(Items from a dataset)
##########
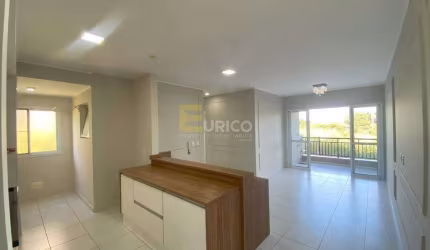 Apartamento para Locação no Residencial Vila Canela em Vinhedo/SP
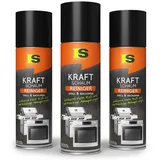 Spraytive Grillreiniger 500 ml Kraft-Schaum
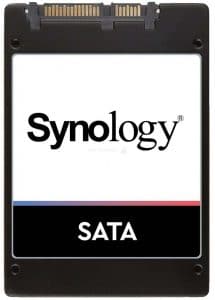 SSD Synology SATA
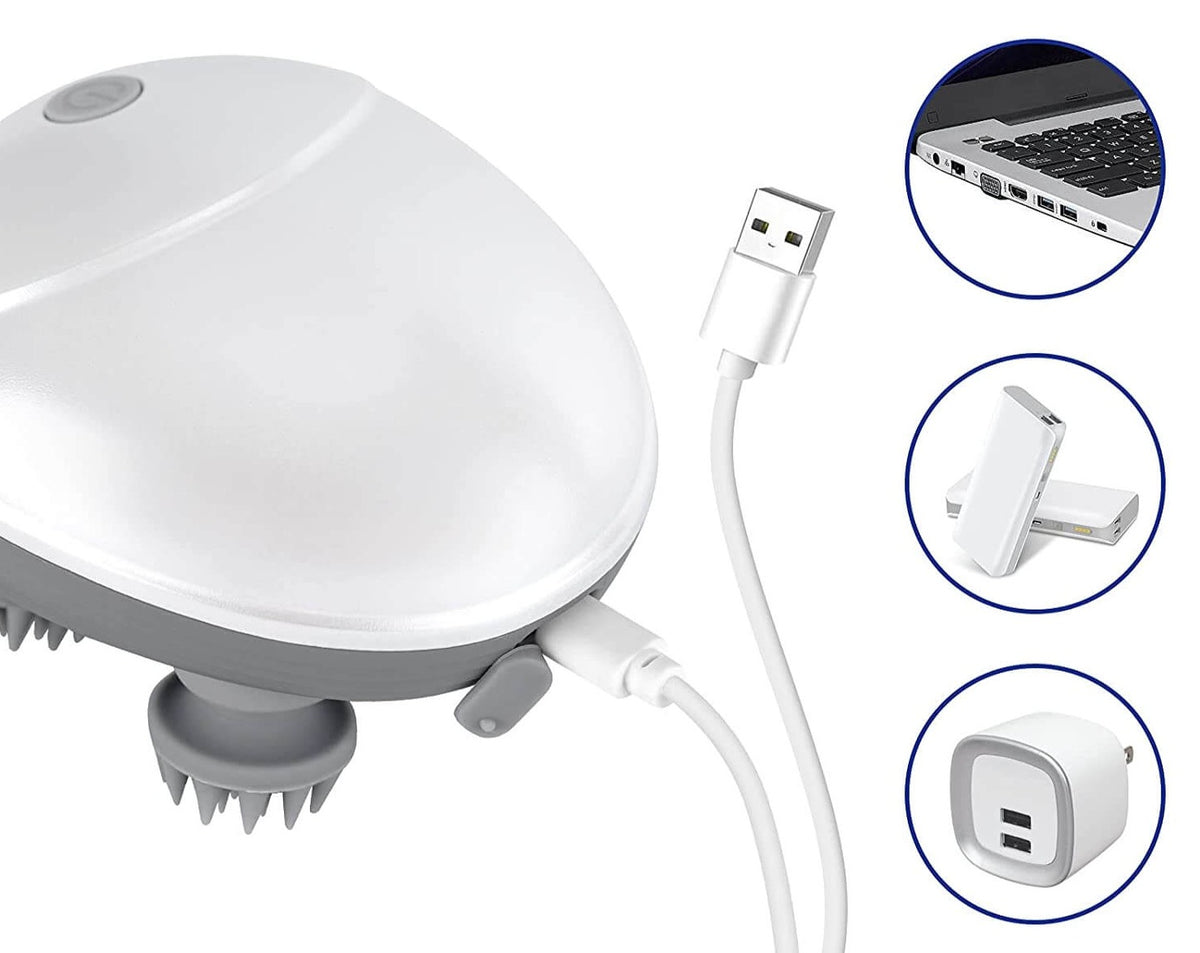 Care Glide Elektrische Lichaamsmassager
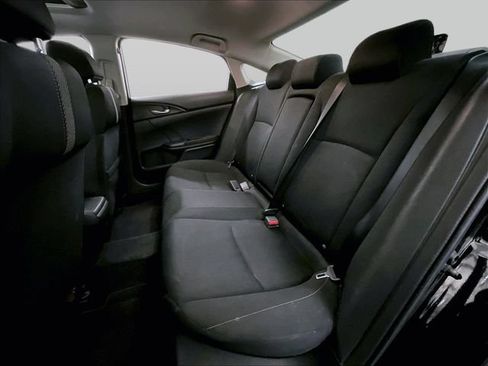 Used 2016 Honda Civic EX image 26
##########
◆ **WHAT YOU HAVE TO DO**
Output the records above in their entirety and exactly, leaving out all images.

◆ **YOUR SOLUTION**
 Apartamento para Locação no Residencial Vila Canela em Vinhedo/SP
 Spraytive Grillreiniger 500 ml Kraft-Schaum
 SSD Synology SATA
 Care Glide Elektrische Lichaamsmassager
 Used 2016 Honda Civic EX image 26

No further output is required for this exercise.